Denys88 / rl_games

RL implementations
MIT License
851 stars 143 forks source link

Fix: TypeError: clamp(): argument 'min' (position 2) must be Number, … #142

Closed yuemingl closed 2 years ago

yuemingl commented 2 years ago

…not Tensor

Function clamp() requires a Number in the second parameter, however, curr_e_clip is a Tensor.

Denys88 commented 2 years ago

Ill doublecheck that if works with soft_clamp parameter and merge it. Thanks.

Denys88 commented 2 years ago

@yuemingl could you provide a test case how to reproduce the issue?

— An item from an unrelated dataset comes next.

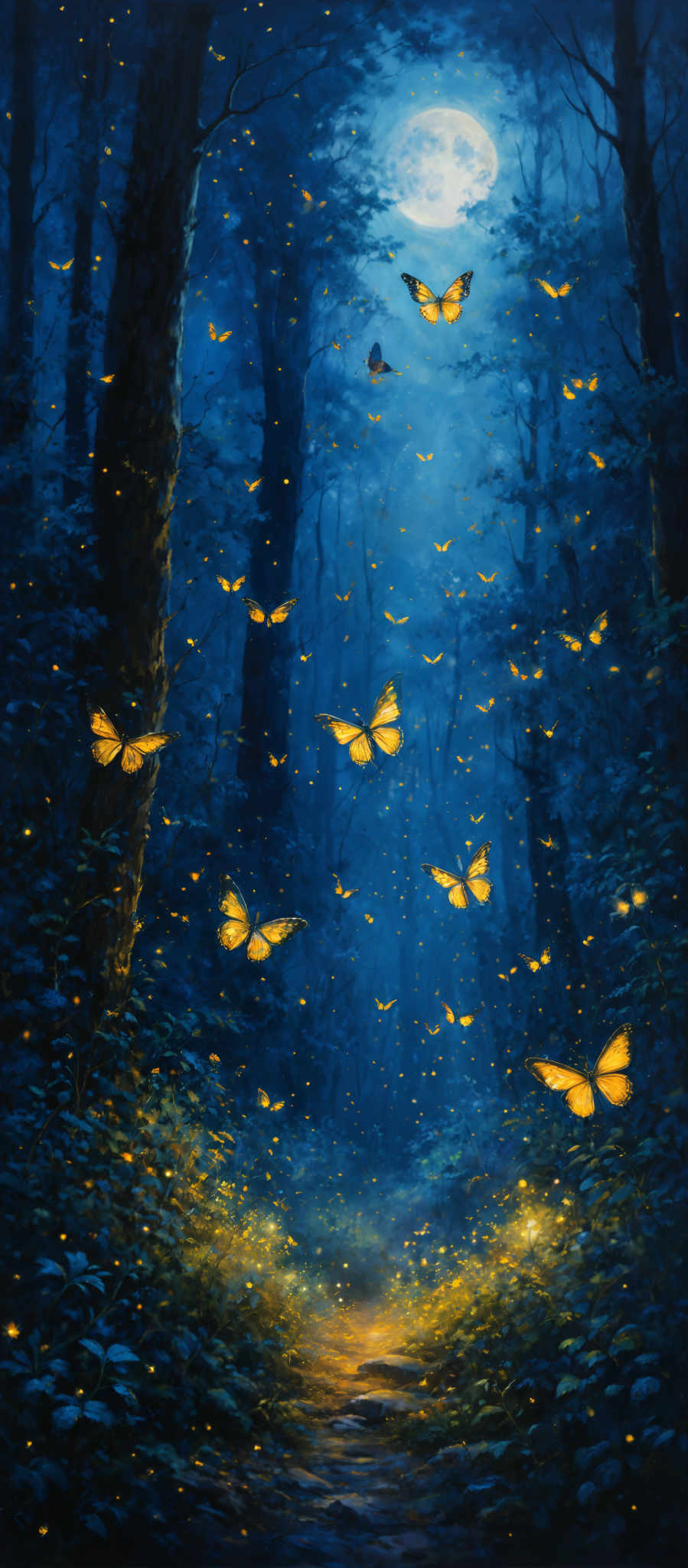 The image showcases a serene nighttime forest scene. The dominant colors are shades of blue, representing the night sky and the shadows of the trees, contrasted with the bright yellow of the glowing butterflies and the golden specks that resemble fireflies. The butterfly shapes are symmetrical with prominent wings, and they are seen fluttering around, illuminated by a soft light. The forest floor is covered with foliage, and there's a faint pathway leading into the distance, surrounded by the luminous glow of the butterflights and the moonlight.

yuemingl commented 2 years ago

change clip_value to True in rl_games/configs/ppo_walker.yaml and run python runner.py --trian --file rl_games/configs/ppo_walker.yaml. The following error message will be reproduced: TypeError: clamp(): argument 'min' (position 1) must be Number, not Tensor

Denys88 commented 2 years ago

Surprisingly it works for me in current master. I still cannot reproduce it. But I updated to the pytorch version 1.10 could it be the reason?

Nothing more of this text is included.